Page-Lochard described it as "its own little Dreaming, its own little spirit world where Indigenous people inhabit, and there's folklore characters and characters with different stories that reflect the land and the world that they come from".

==Cast==
- Logan Adams as Noodles
- Cherry-Rose Hubert as Em
- Jakeile Coffin as Keile
- Sharliya Mowarin as Kali
- Ella Togo as Samara
- Wade Walker as Hudson
- Penny Wally as Vinka

===Guests===
- Elaine Crombie as Bits and Bobs, an eccentric pedlar
- Trevor Ryan as Jack in a Box
- Gabriel Willie as Man up a Tree
- Tootsie Daniel, Allery Sandy, Jean Churnside, Judith Coppin, Pansy Hicks, Pansy Sambo, Violet Samson as The Nannas
- Trisha Morton-Thomas as The Principal
- Aaron McGrath as Random Dan
- Wendyl Alex as Big Joey
- Ashton Munda as Traditional Man
- Trevor Jamieson as The Shadow Boxer
- Derik Lynch as The Trainer
- Maverick Eaton, Sidney Eaton, Fabian Togo, Tiras Walker as Boxers
- Hunter Page-Lochard as The Trapper
- Dave Johnson as The Nhuka
- Della Rae Morrison as Aunty
- Tameeka Rassip-Andrews as Other Gang Girl
- Zack Levi as Other Gang Boy
- Leon Burchill, Billy McPherson as The Brothers

==Production==
The series was co-commissioned by NITV and ABC Children's (a partnership previously exercised for Little J & Big Cuz and Grace Beside Me), with principal funding from Screen Australia in association with Screenwest and the Western Australian Regional Film Fund, and with support from NITV, ABC, and the Australian Children's Television Foundation (ACTF).

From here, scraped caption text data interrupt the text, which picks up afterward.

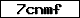 Prüfcode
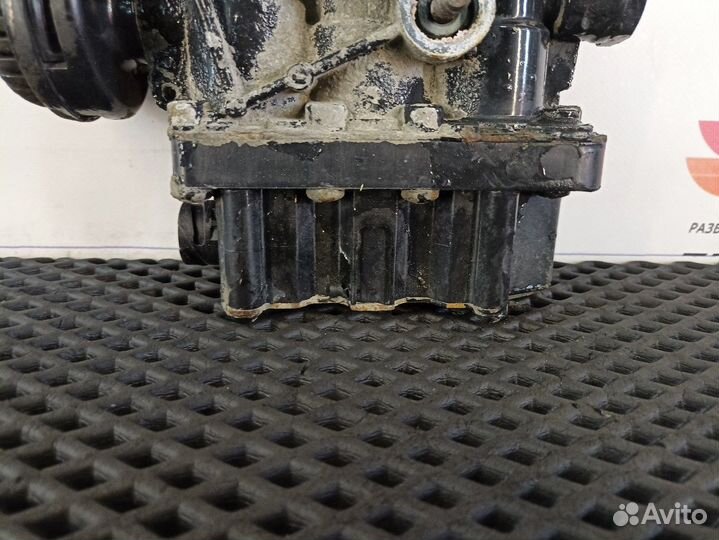 81259026238 Кран уровня пола главный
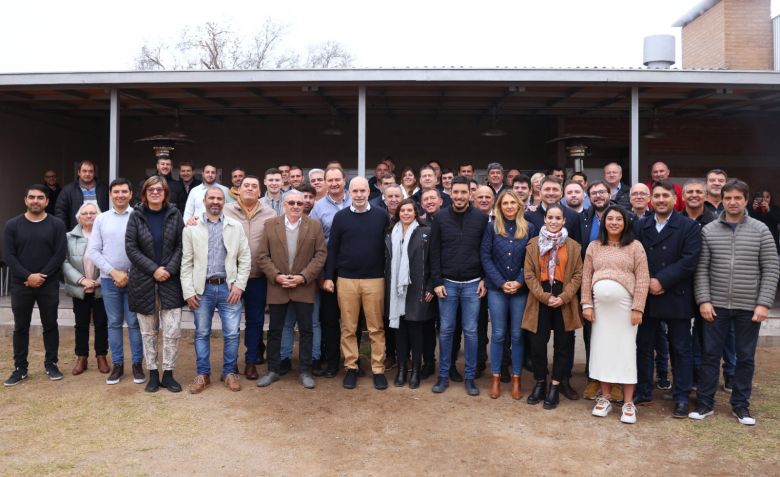 Rodríguez Larreta junto a De Loredo en Córdoba: “Rodrigo va a ser el próximo intendente de la Ciudad de Córdoba; tenemos gestión, experiencia y trayectoria que es lo que necesitamos para cambiarle la vida de los argentinos”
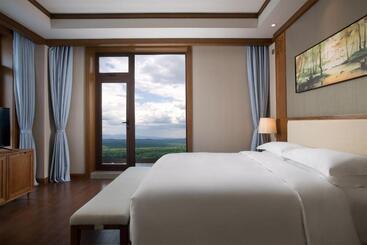 هتل Swissôtel Resort Changbaishan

The working title of the project was Neomad, with the initial intention of basing the story on the interactive Aboriginal graphic novel and three-part series of that name set in Murujuga (Burrup Peninsula). Thalu is the Ngarluma word for "totem", and is used to refers to ceremonial sites, often important for the regeneration of key species.

The series was filmed in the Pilbara region of Western Australia and the cast are from Roebourne (known as Ieramugadu to the local people). Each character has been written with input from the young cast member to reflect their personality, sense of humour and culture. Beck Cole and Sam Paynter workshopped ideas with the local elders and young people to produce ideas for the storyline, starting in 2018. There was a great deal of community collaboration on the project, which was described as "an unprecedented, top-to-bottom model for community consultation". The elders who consulted on the series appear as The Nannas in the series. Words from the local language, Ngarluma, are used in the script.

Thalu was directed by Amie Batalibasi, Dena Curtis (producer, writer and director, including directing 8MMM Aboriginal Radio), Ngarluma artist Tyson Mowarin, and Hunter Page-Lochard, and created for National Indigenous Television (NITV) and ABC Me. Writers included Nayuka Gorrie, Beck Cole, Sam Paynter, David Woodhead, and Donald Imberlong. Shooting took eight weeks, done entirely on location in the Pilbara.

The show was produced by Tyson Mowarin and Robyn Marais from Weerianna Street Media, in association with the ACTF. Mark O'Toole, who has been head writer and producer on series such as Spicks and Specks, Black Comedy, and children's comedy program You're Skitting Me was executive producer, and helped to develop the storyline. The series music was composed by Ned Beckley and Josh Hogan.

==Broadcast==
Thalu premiered on 20 April 2020 on NITV, and was made available on SBS on Demand as well as ABC iview.

==Accolades==
In February 2020, Thalu was nominated in the Screen Diversity and Inclusion Network (SDIN) Awards, but lost out to Blackfella Films' documentary film Maralinga Tjarutja, directed by Larissa Behrendt, when the awards were announced a year later.

On 1 December 2020, Ned Beckley and Josh Hogan won the APRA AMCOS / Australian Guild of Screen Composers award for Best Music for Children's Television in the Screen Music Awards.

==Thalu: Dreamtime Is Now==
In 2018, Ngarluma artist Tyson Mowarin wrote and directed an 18-minute VR experience called Thalu: Dreamtime Is Now. The story involved a spirit guide called Jirri Jirri, who introduces some of the spirits and traditional custodians according to the Dreaming stories of the Ngarluma people.

Thalu: Dreamtime Is Now, was shortlisted in the Best Digital Product category in the 2019 First Nations Media Awards.